Magnetic Cells Give Sense of Direction to Fish

After spending 3 years at sea and traveling up to 300 kilometers away from home, a rainbow trout can swim straight back to its original hatching ground, following freshwater streams inland and rarely heading in the wrong direction. This remarkable feat of navigation likely relies on many senses; the fish have superb eyesight and smell. But the trout also seem to rely on Earth’s magnetic fields, which point them in the right direction. Now, for the first time in any animal, scientists have isolated magnetic cells in the fish that respond to these fields. The advance may help researchers get to the root of magnetic sensing in a variety of creatures, including birds.
“We think this will really be a game changer,” says Michael Winklhofer, an earth scientist at Ludwig Maximilians University Munich in Germany who led the new study. “To study magnetic sensory cells, you have to be able to get hold of them first, and that’s what we’ve finally developed a way to do.”

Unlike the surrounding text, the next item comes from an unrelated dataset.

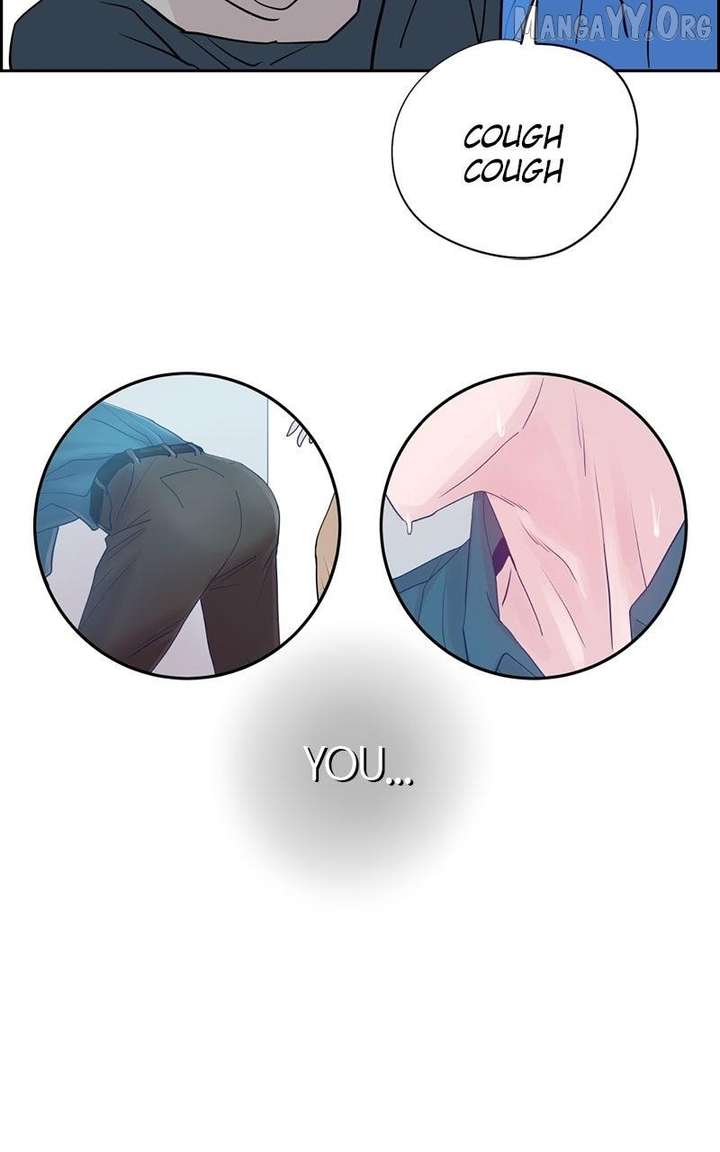 Love Letter Chapter 24 - Page 106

Previous research has shown that many species of fish, as well as migratory birds, have the ability to detect differences in magnetic field strengths, which vary around the globe. Scientists think that the key to this ability is magnetite, the most magnetic of all minerals, which they’ve found embedded in bird and fish tissues. They’ve even narrowed down which tissues in these animals could contain magnetite by using dyes that bind to the mineral. But they’ve never been able to isolate individual cells that contain magnetite, and some of the staining methods have led to false positives and controversy in the field.